The Catholic boys school in Towson for grades 6-12 closed for a day last week after graffiti containing the N-word was found in a bathroom stall. It was the second instance there in two weeks involving graffiti with a racial slur.
In a memo to school president Anthony Day and other officials, a group of black alumni called on Loyola Blakefield to increase the portion of black faculty and administrators to 25 percent of the school total by the year 2022. Among other proposals, they also want curriculum to better reflect black history, and for the school to include black faculty and administrators in financial aid and admissions committees.
“Please note that many, if not all, of these proposals have been made before to previous administrations of Loyola Blakefield, to no avail, which is why we revisit these issues again at this time,” the memo states.
The memo was delivered to school leaders last week, said Ralph Moore, a 1970 alumnus and former teacher there.
“The school has to be learning about people who don’t look like them,” Moore said. “It’s not just reading, writing and arithmetic.”
Meetings for students and families to discuss the recent incidents drew crowds to the school last Friday and this Tuesday.
Carl Stokes, a former Baltimore City councilman and 1968 graduate of the school, was among the hundreds who attended.
“You’ve got to give [school officials] some credit that they have called it out and that they’ve said we have this problem,” Stokes said. Still, he said, the administration needs to be “more proactive” in addressing issues of diversity.
Less than 10 percent of the school’s 986 students are black, according to figures school officials provided to The Baltimore Sun. The school did not provide data on how many faculty members are black.
Wesley Chandler Wood, who graduated from the school in 1988, said that “having more black faculty on staff is good for black and white students, to see black people in positions of authority and expertise.”
Wood said he was encouraged by the recent meetings.

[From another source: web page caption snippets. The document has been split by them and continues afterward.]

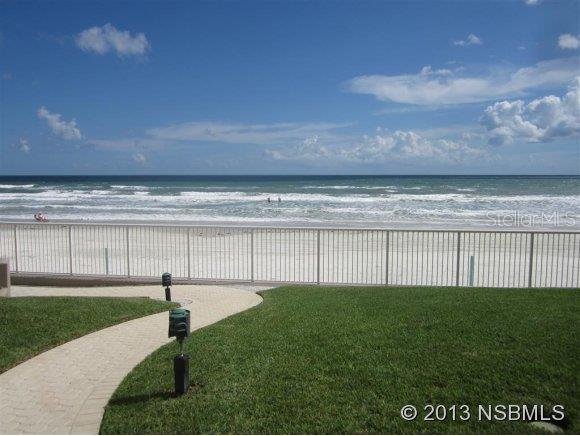 Pelican - Residential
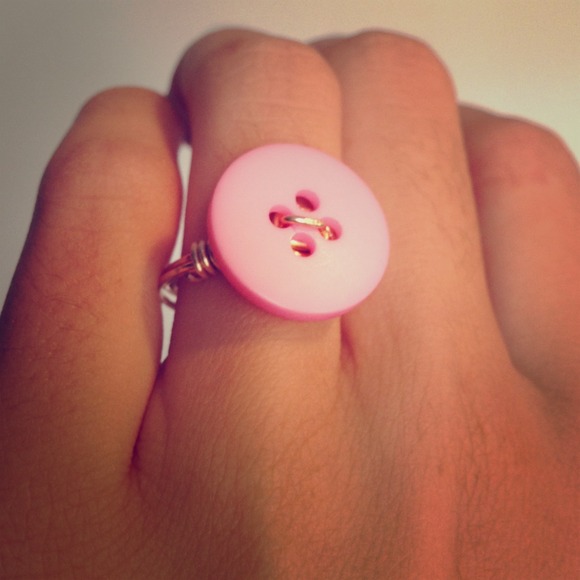 Pink Button Gold Wire Ring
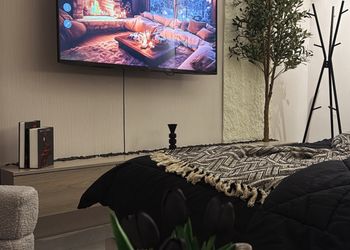 استديو بسرير ماستر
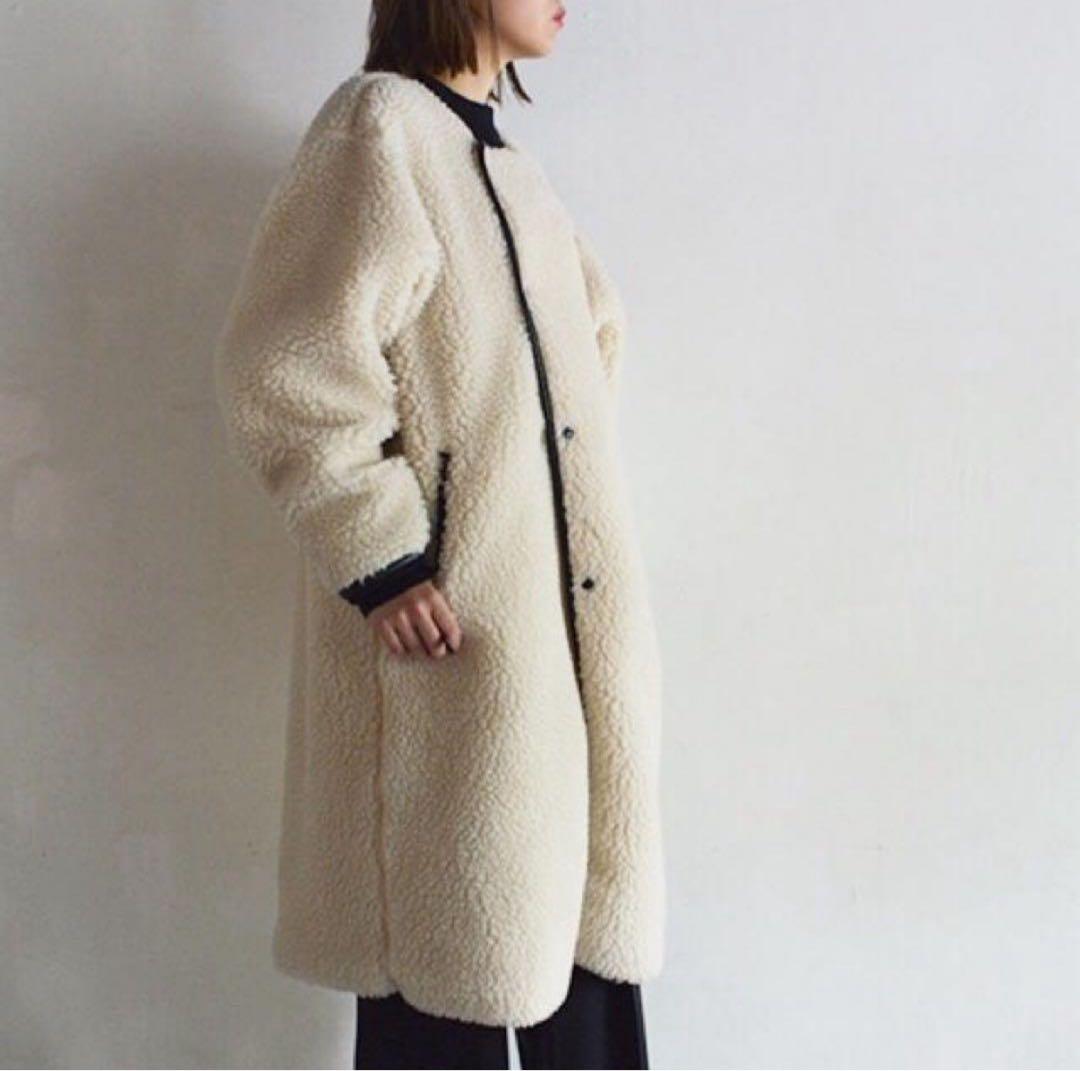 HYKE　ベージュ ボアコート フリース オーバーサイズ フロントボタン付き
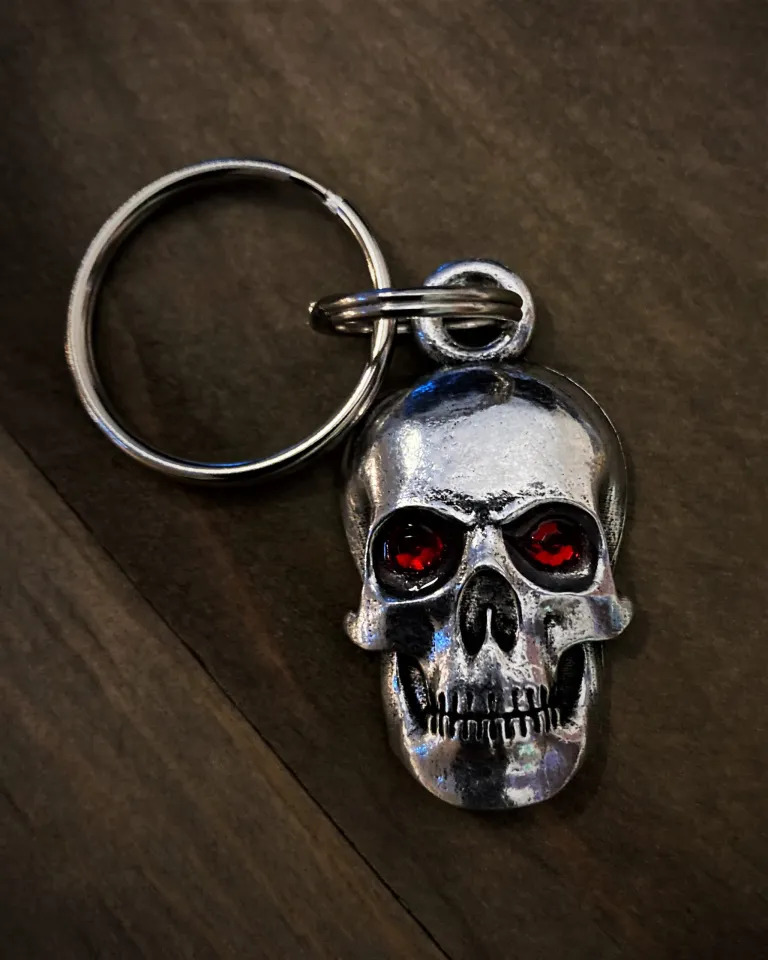 bbk-09-evil-skull-diamond-keychain-product-detail-image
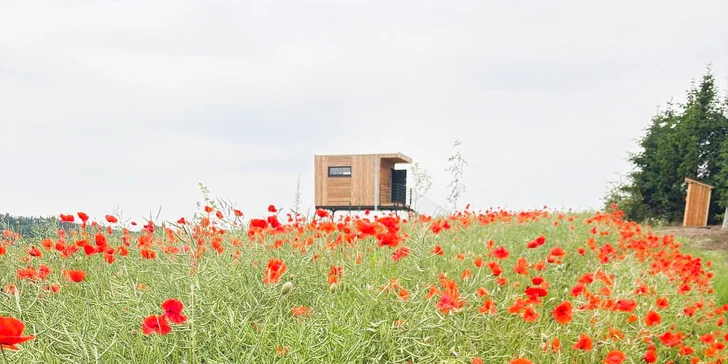 Romantika v srdci Českého raja: moderný posed pre 2 osoby, sauna a kúpací sud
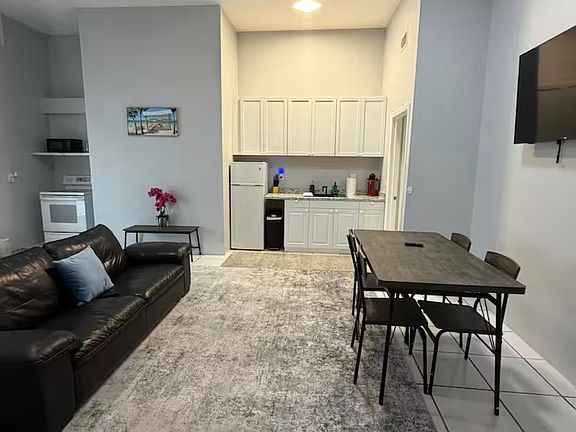 5th image of 5816 Regent Rd #1B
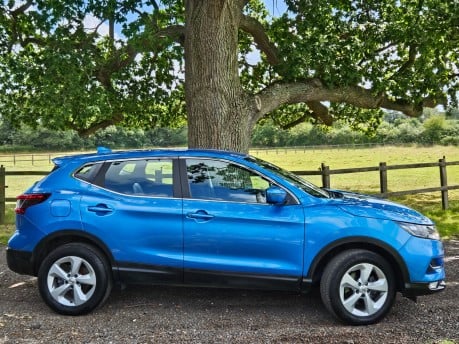 Nissan Qashqai DIG-T ACENTA PREMIUM 2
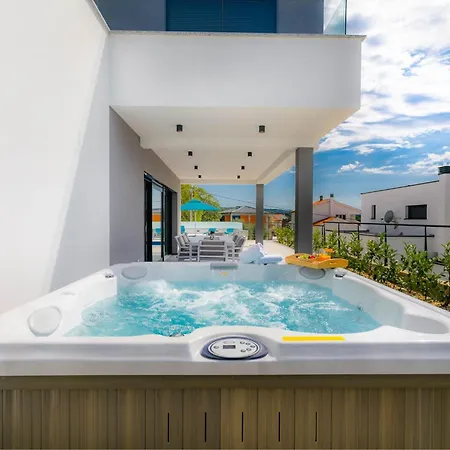 Ferienvilla Lea Magdalena I Mit Whirlpool By Interhome * Sveti Vid-Miholjice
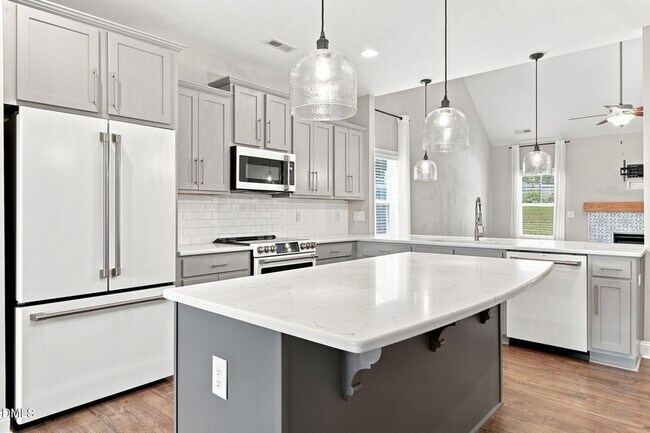 Building Photo - 59 Sunnybrook Ln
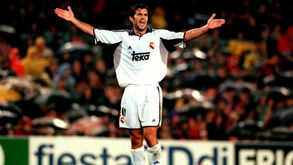 Gaspart recorda regresso de Figo a Barcelona: «Provocava para que lhe atirassem objetos»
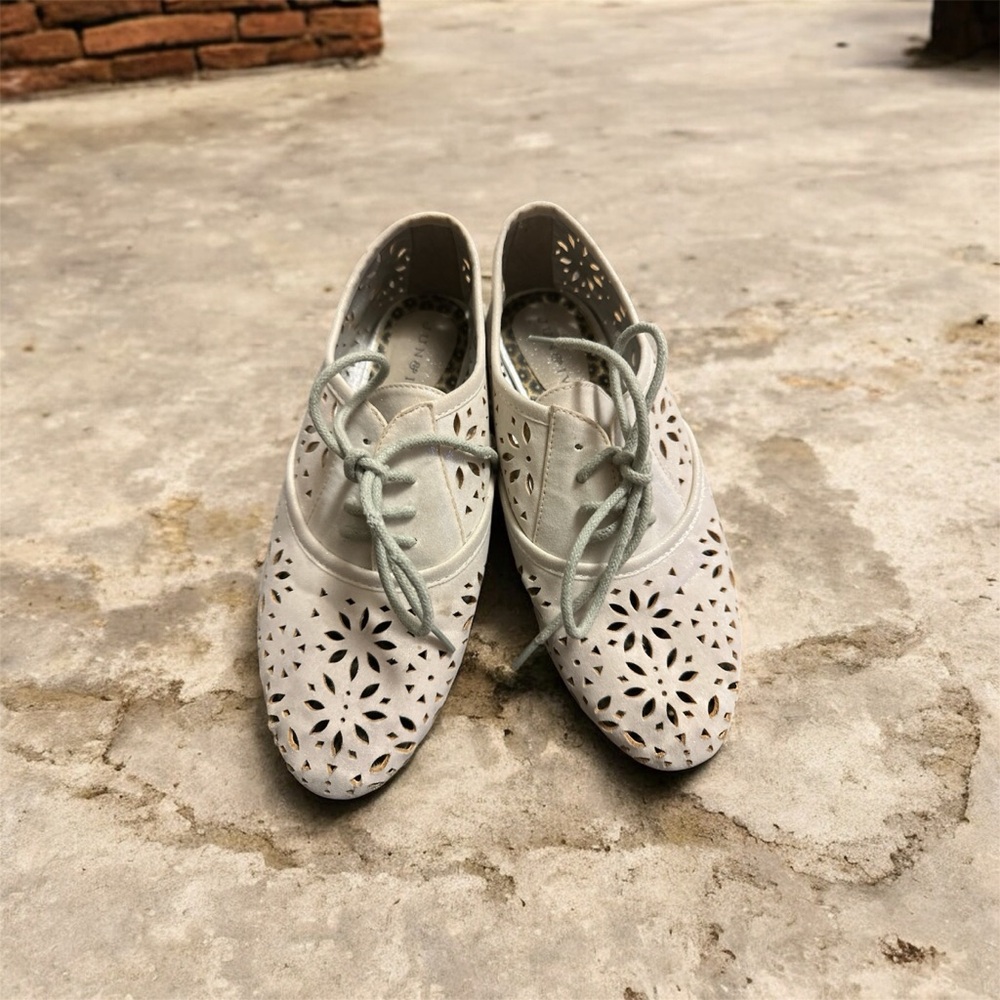 Jun & Ivy Cream Women's Flats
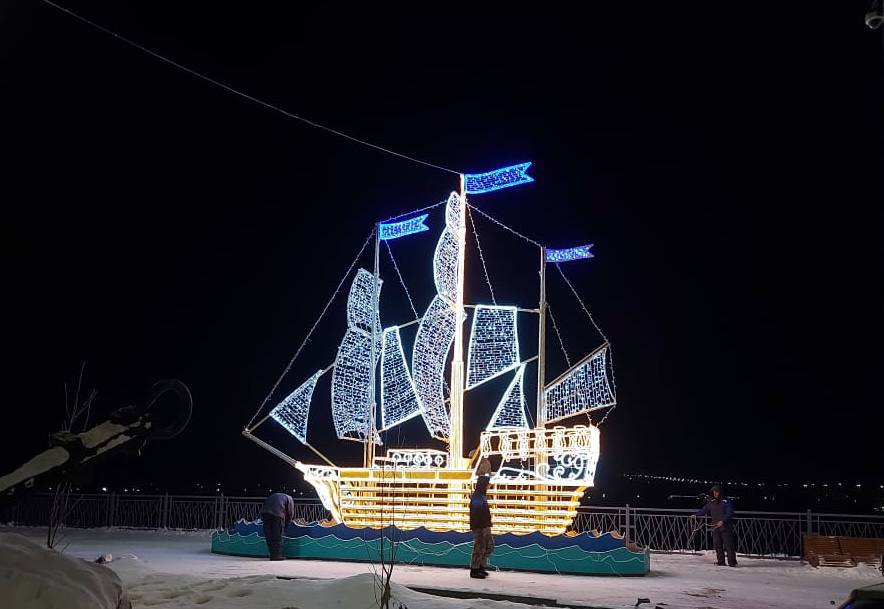 На набережной в Кемерове установили 8-метровый корабль
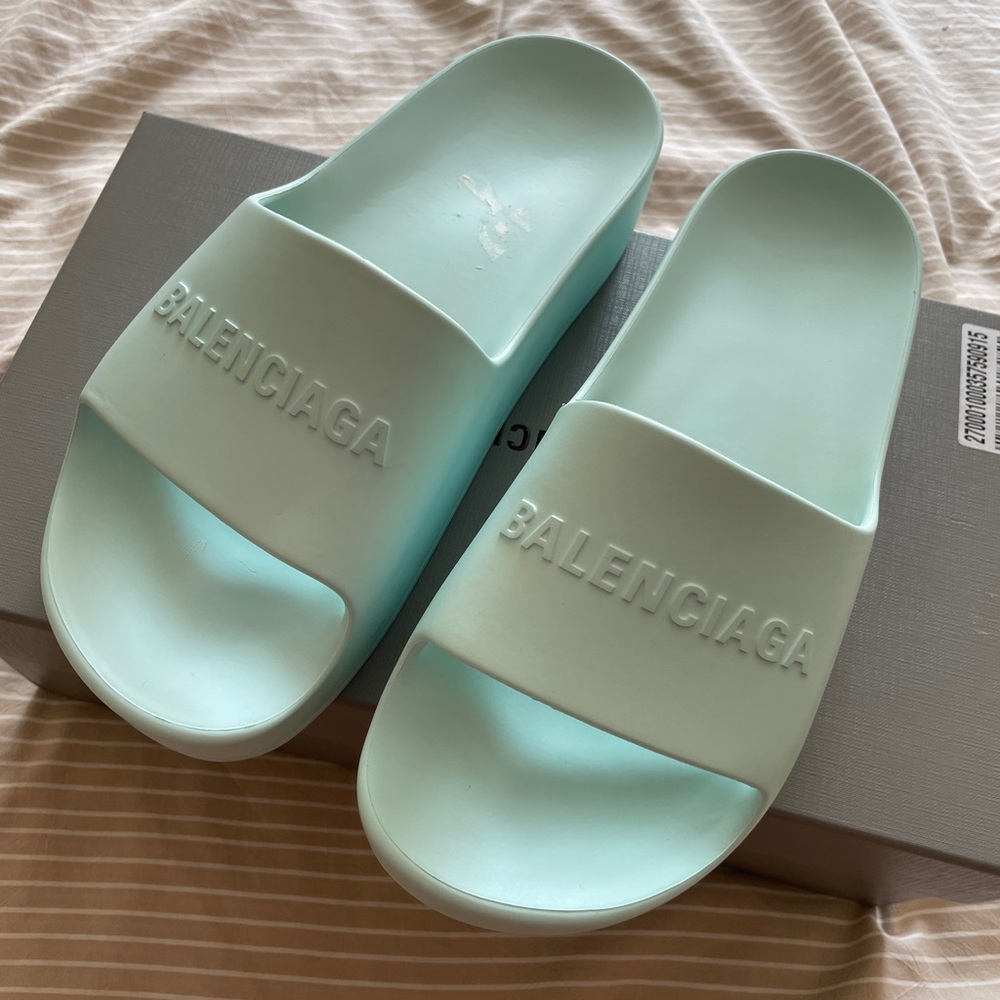 Balenciaga chunky slides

“The true measure of how things are proceeding will be coming the next few months,” he said. “My overall feeling and mood right now is positive. The community seems like it really wants to change Loyola for the better … and that means dealing with the recent incidents in a forceful way.”
In a Baltimore County police report filed last week after the graffiti was discovered, an officer wrote that administrators told police there had been “ongoing bias-related incidents at the school since the start of the fall semester.”
School officials have declined to publicly elaborate on those incidents.
In a statement to The Sun on Wednesday, Day and board chairman Bill McCarthy didn’t respond to specifics of the alumni proposals but said they “look forward to discussions with all members of our community as we move forward with this critical work.”
County police are investigating the graffiti and have said there is security footage from the school that could shed light on the incidents. But a police spokeswoman said police are “waiting for Loyola to go through the video” because the footage had no timestamp.
“They’ve got quite a few hours on the video,” police spokeswoman Louise Rogers-Feher said. “Once they have what is needed, they will come back to us and we’ll take it from there.”